-- Aim of the exercise --
Output all entries verbatim. Skip pictures.

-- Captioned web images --

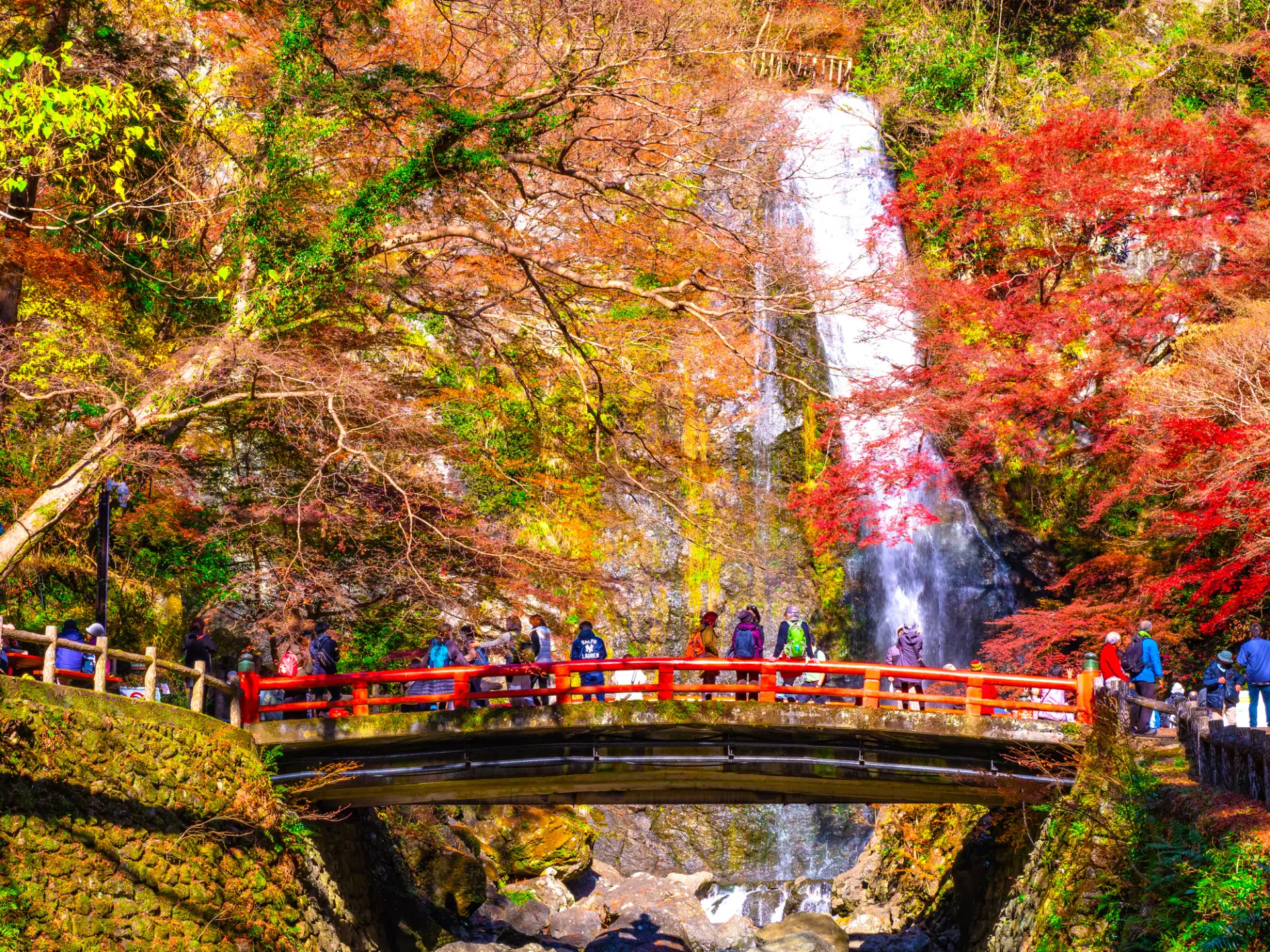 万博記念公園花火イベント 山荘 風の杜のブログ - 宿泊予約は＜じゃらんnet＞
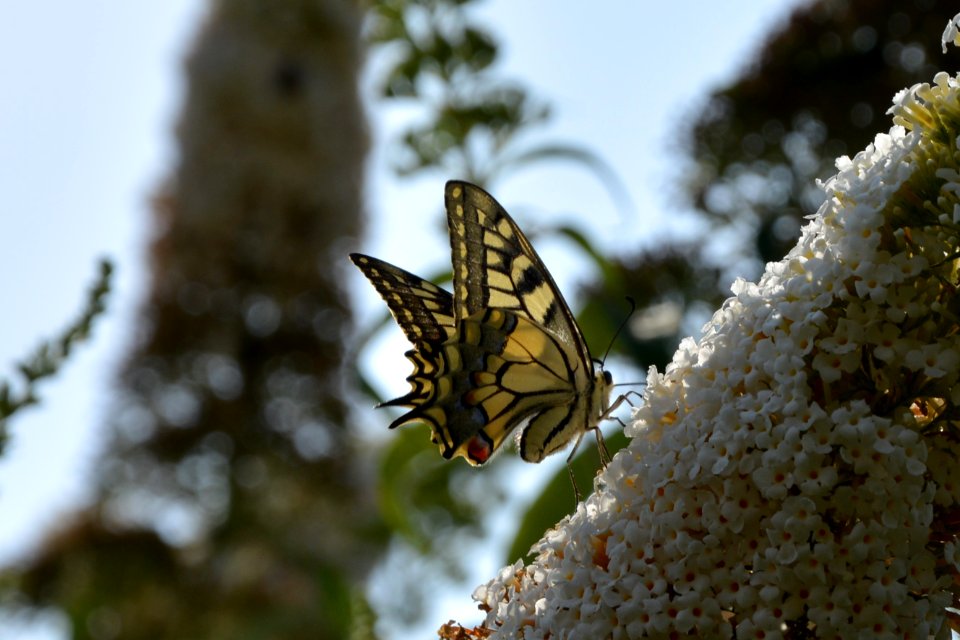 Schwalbenschwanz (Papilio machaon) auf Flieder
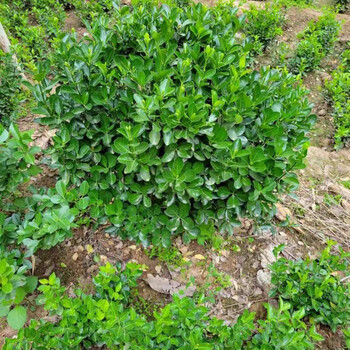 庭院绿篱植物造型树小叶黄杨树苗瓜子黄杨球盆景冬青树苗40公分冠幅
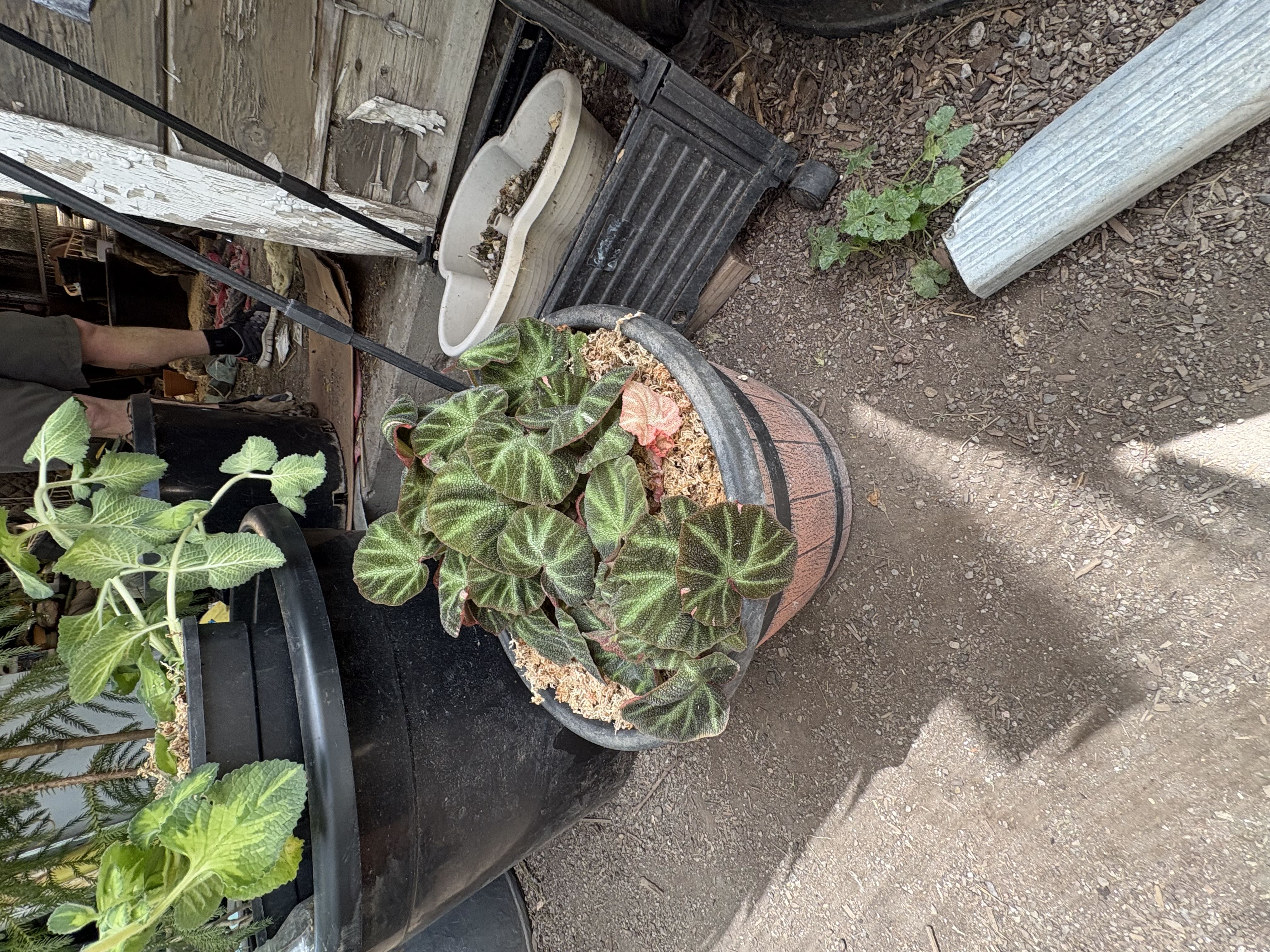 Photo from the post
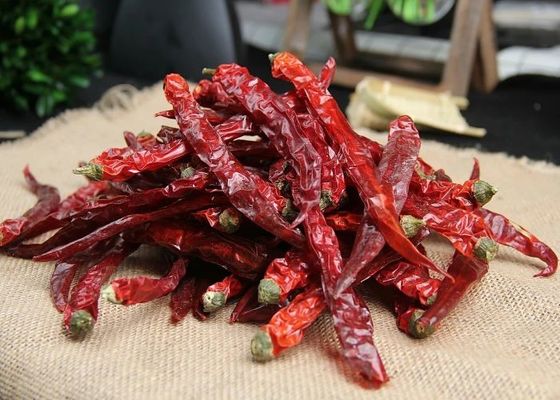 Cosses rouges de SHU10000 Xian Chilli Pungent Flavor Dried Chili 10 PPB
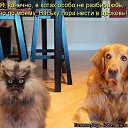 ���� �����, ������� - ��������� 2 ��� 2020 � ������ ������ ��������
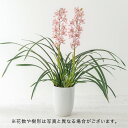 日比谷花壇 花の鉢植え 母の日 洋ラン シンビジウム「ありがとう」2本立ち ピンク系 日比谷花壇 鉢花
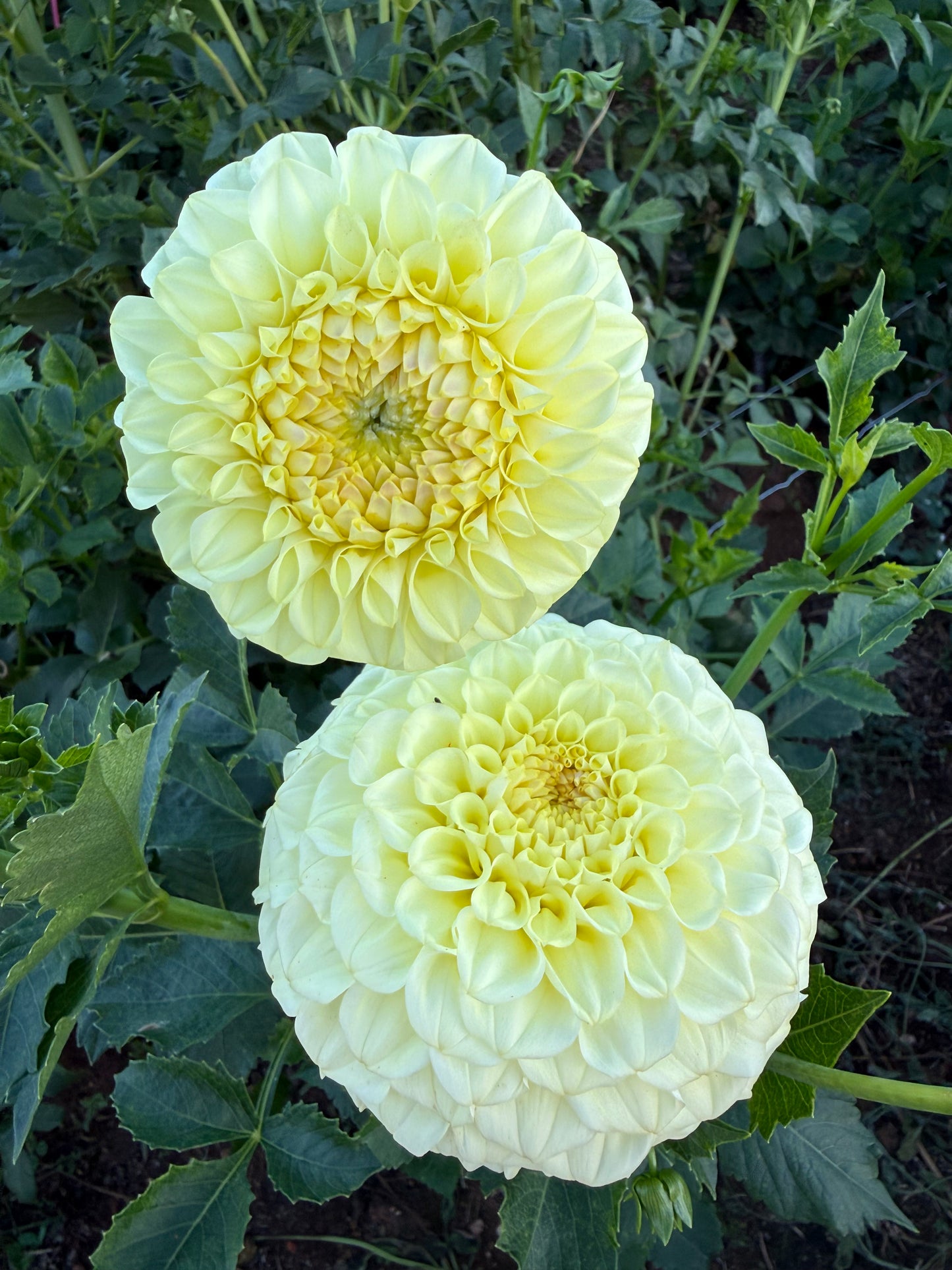 Florelie Winter Sunshine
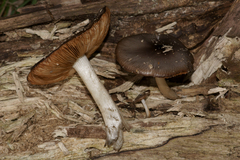 Bolbitius reticulatus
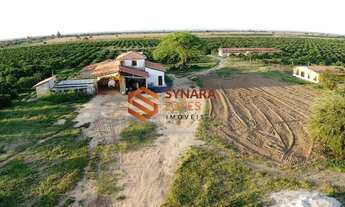 Imagem 2: VENDO FAZENDA COM 130 TAREFAS - CRISÓPOLIS - BAHIA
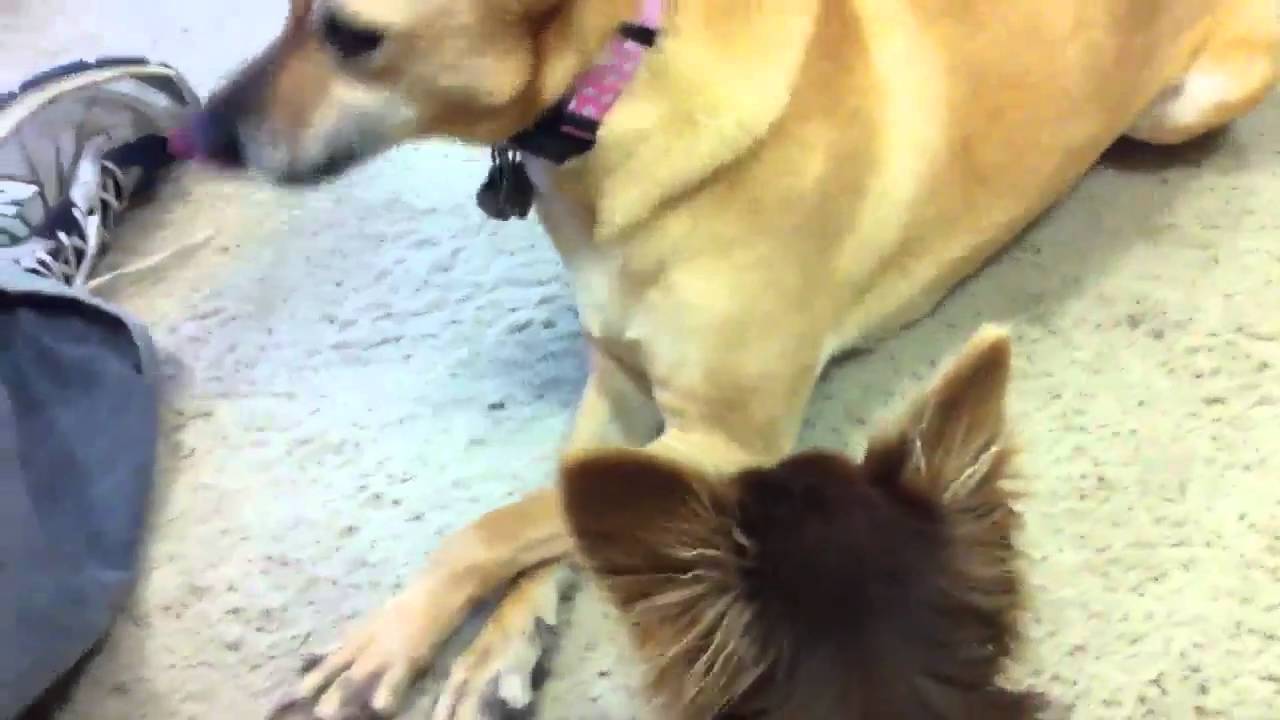 Pip the Long-Haired Chihuahua Meets Sugar the Formosan Mountain Dog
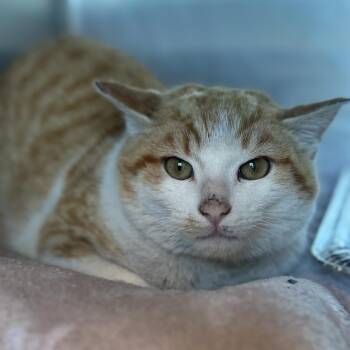 Domestic Short Hair Cats Available for Adoption - Cornfield | PetCurious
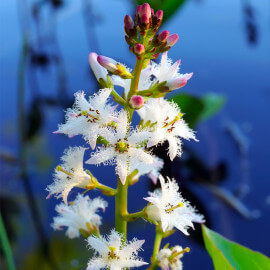 Menyanthes trifoliata - Trèfle d'eau POT DE 9cm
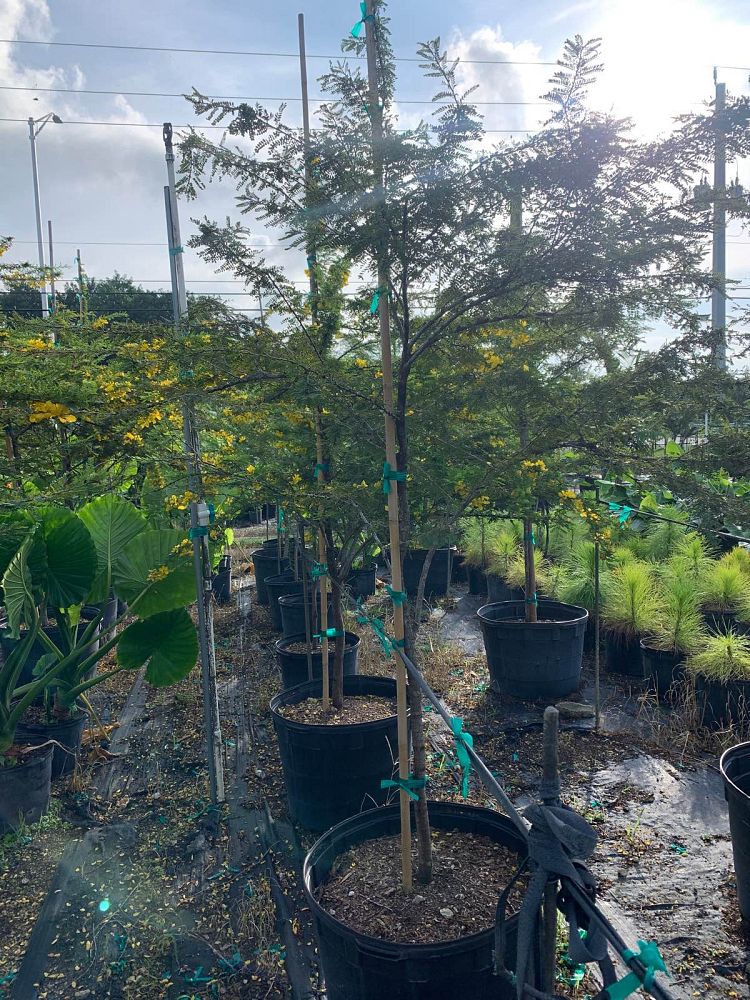 senna-polyphylla-cassia-polyphylla-desert-cassia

-- Output of the task --
 万博記念公園花火イベント 山荘 風の杜のブログ - 宿泊予約は＜じゃらんnet＞
 Schwalbenschwanz (Papilio machaon) auf Flieder
 庭院绿篱植物造型树小叶黄杨树苗瓜子黄杨球盆景冬青树苗40公分冠幅
 Photo from the post
 Cosses rouges de SHU10000 Xian Chilli Pungent Flavor Dried Chili 10 PPB
 ���� �����, ������� - ��������� 2 ��� 2020 � ������ ������ ��������
 日比谷花壇 花の鉢植え 母の日 洋ラン シンビジウム「ありがとう」2本立ち ピンク系 日比谷花壇 鉢花
 Florelie Winter Sunshine
 Bolbitius reticulatus
 Imagem 2: VENDO FAZENDA COM 130 TAREFAS - CRISÓPOLIS - BAHIA
 Pip the Long-Haired Chihuahua Meets Sugar the Formosan Mountain Dog
 Domestic Short Hair Cats Available for Adoption - Cornfield | PetCurious
 Menyanthes trifoliata - Trèfle d'eau POT DE 9cm
 senna-polyphylla-cassia-polyphylla-desert-cassia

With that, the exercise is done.